• EXERCISE DIRECTIONS: Find the line with "Aerial view of" in the data below. Repeat it and every line after it up to the end, exactly, but drop the pictures.

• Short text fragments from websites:
======

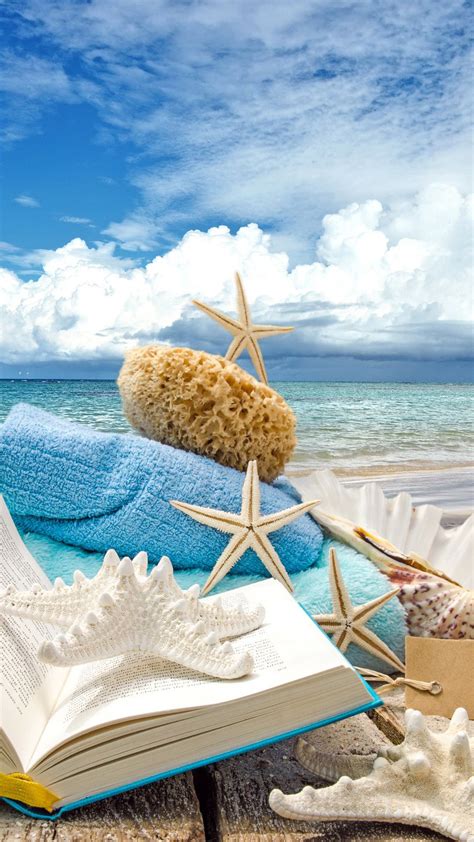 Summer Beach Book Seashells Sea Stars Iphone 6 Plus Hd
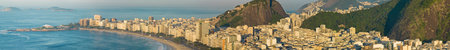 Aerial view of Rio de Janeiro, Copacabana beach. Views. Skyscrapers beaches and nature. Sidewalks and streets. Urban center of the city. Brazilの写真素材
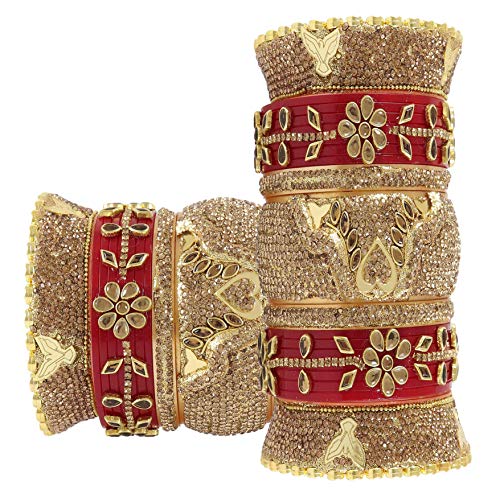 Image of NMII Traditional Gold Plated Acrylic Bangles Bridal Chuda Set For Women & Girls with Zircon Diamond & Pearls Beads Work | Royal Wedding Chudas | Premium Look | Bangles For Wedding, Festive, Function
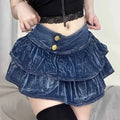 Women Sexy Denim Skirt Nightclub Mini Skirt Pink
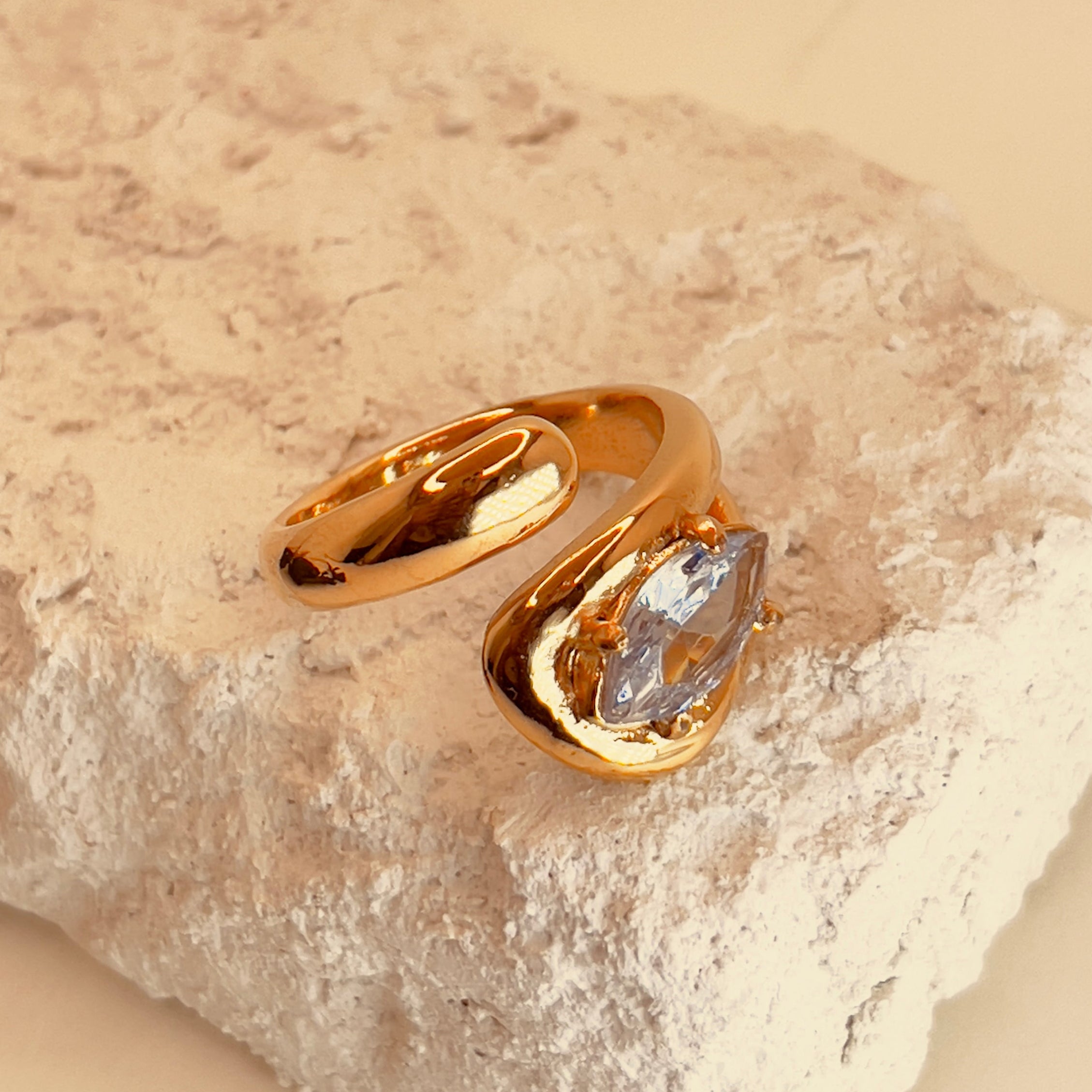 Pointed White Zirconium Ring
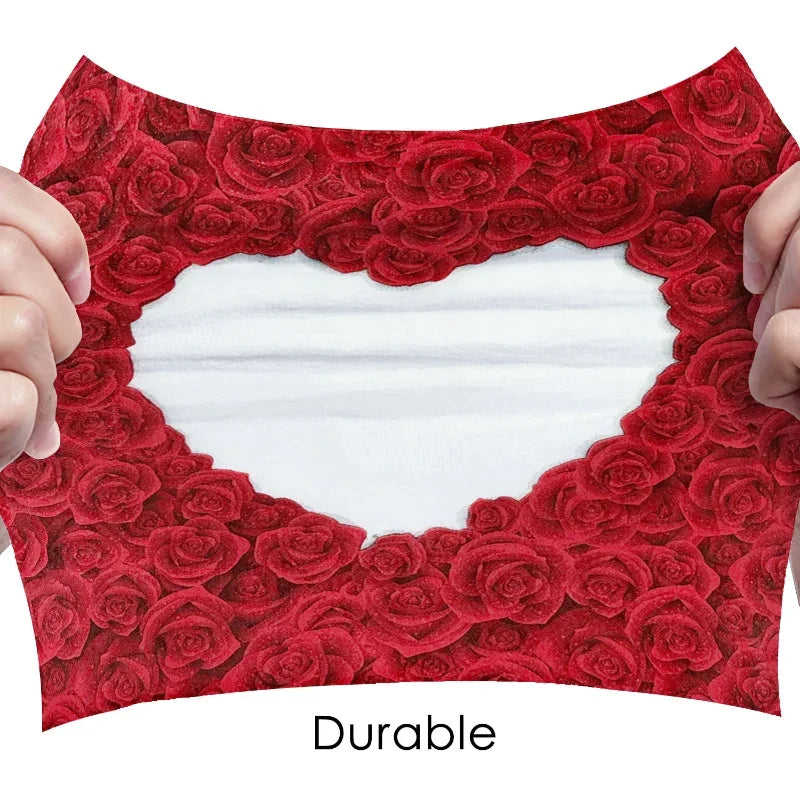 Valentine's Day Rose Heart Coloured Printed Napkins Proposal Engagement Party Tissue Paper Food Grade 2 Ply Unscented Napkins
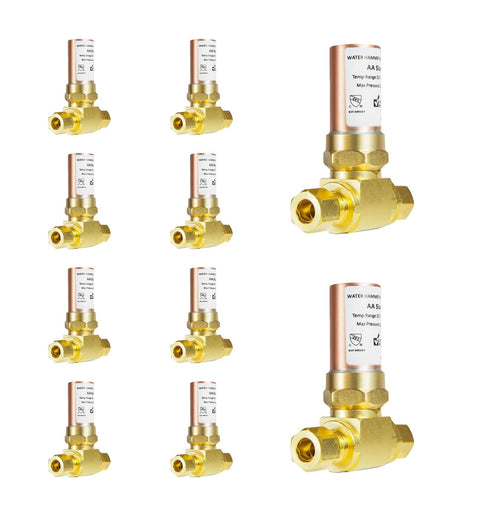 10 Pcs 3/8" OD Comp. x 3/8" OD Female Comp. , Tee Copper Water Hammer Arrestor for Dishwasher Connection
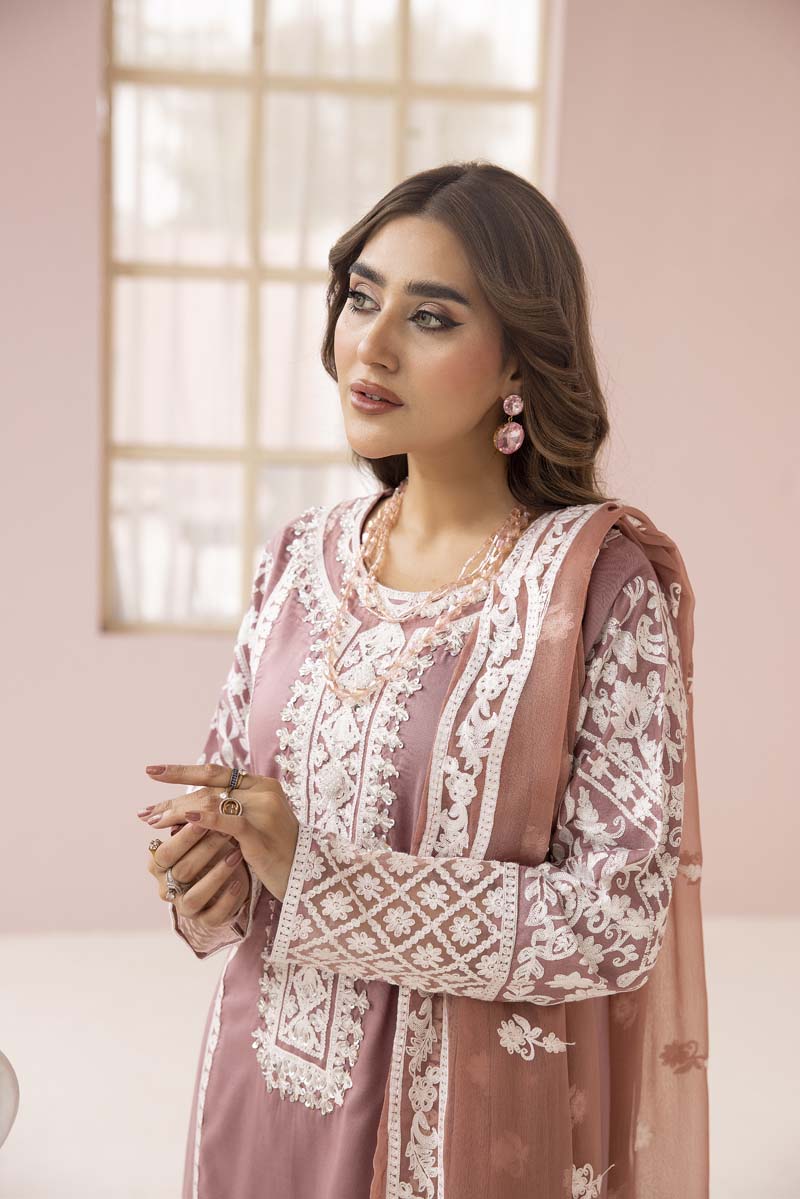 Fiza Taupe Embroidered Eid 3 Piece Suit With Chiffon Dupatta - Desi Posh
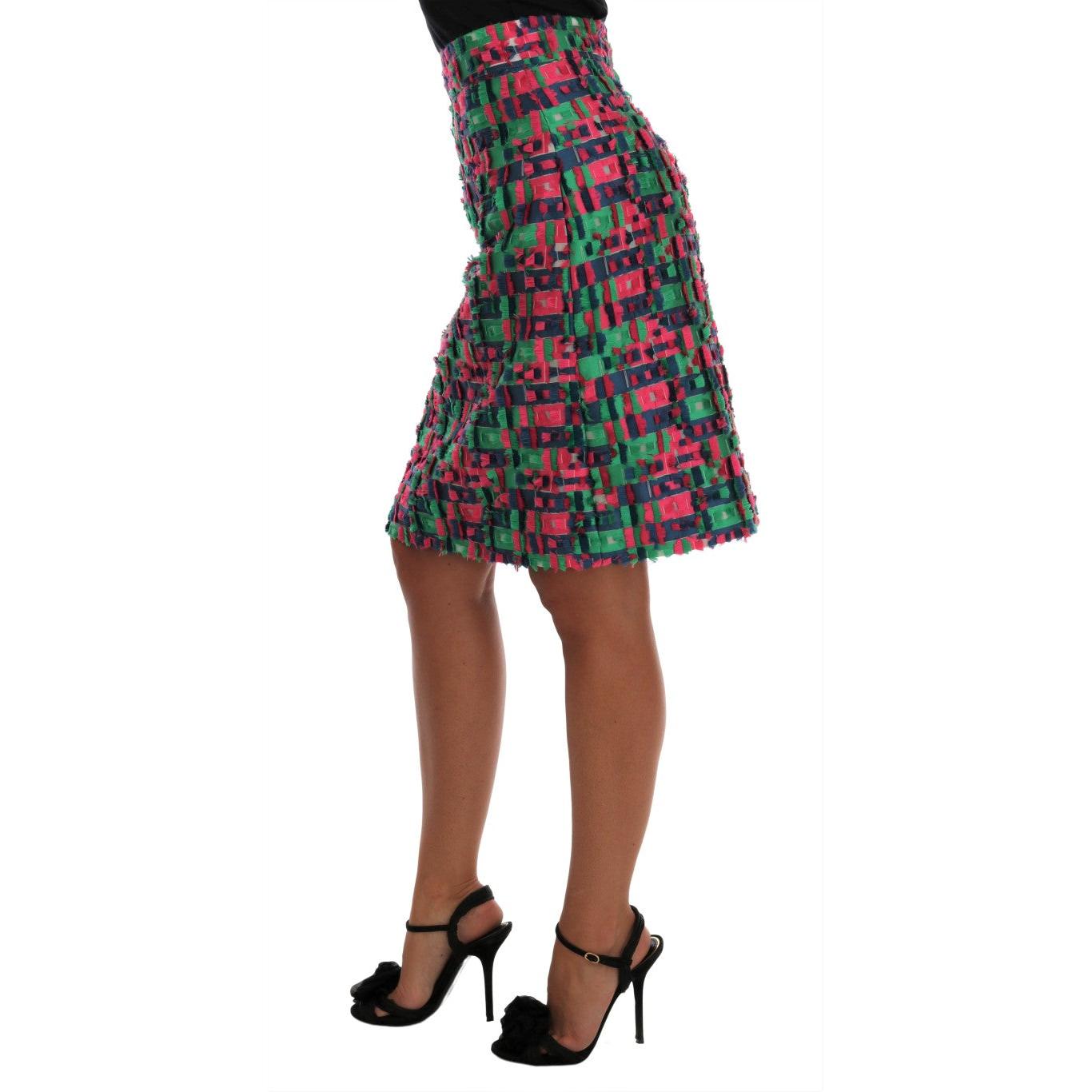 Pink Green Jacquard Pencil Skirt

======

• TASK ANSWER:
 Aerial view of Rio de Janeiro, Copacabana beach. Views. Skyscrapers beaches and nature. Sidewalks and streets. Urban center of the city. Brazilの写真素材
 Image of NMII Traditional Gold Plated Acrylic Bangles Bridal Chuda Set For Women & Girls with Zircon Diamond & Pearls Beads Work | Royal Wedding Chudas | Premium Look | Bangles For Wedding, Festive, Function
 Women Sexy Denim Skirt Nightclub Mini Skirt Pink
 Pointed White Zirconium Ring
 Valentine's Day Rose Heart Coloured Printed Napkins Proposal Engagement Party Tissue Paper Food Grade 2 Ply Unscented Napkins
 10 Pcs 3/8" OD Comp. x 3/8" OD Female Comp. , Tee Copper Water Hammer Arrestor for Dishwasher Connection
 Fiza Taupe Embroidered Eid 3 Piece Suit With Chiffon Dupatta - Desi Posh
 Pink Green Jacquard Pencil Skirt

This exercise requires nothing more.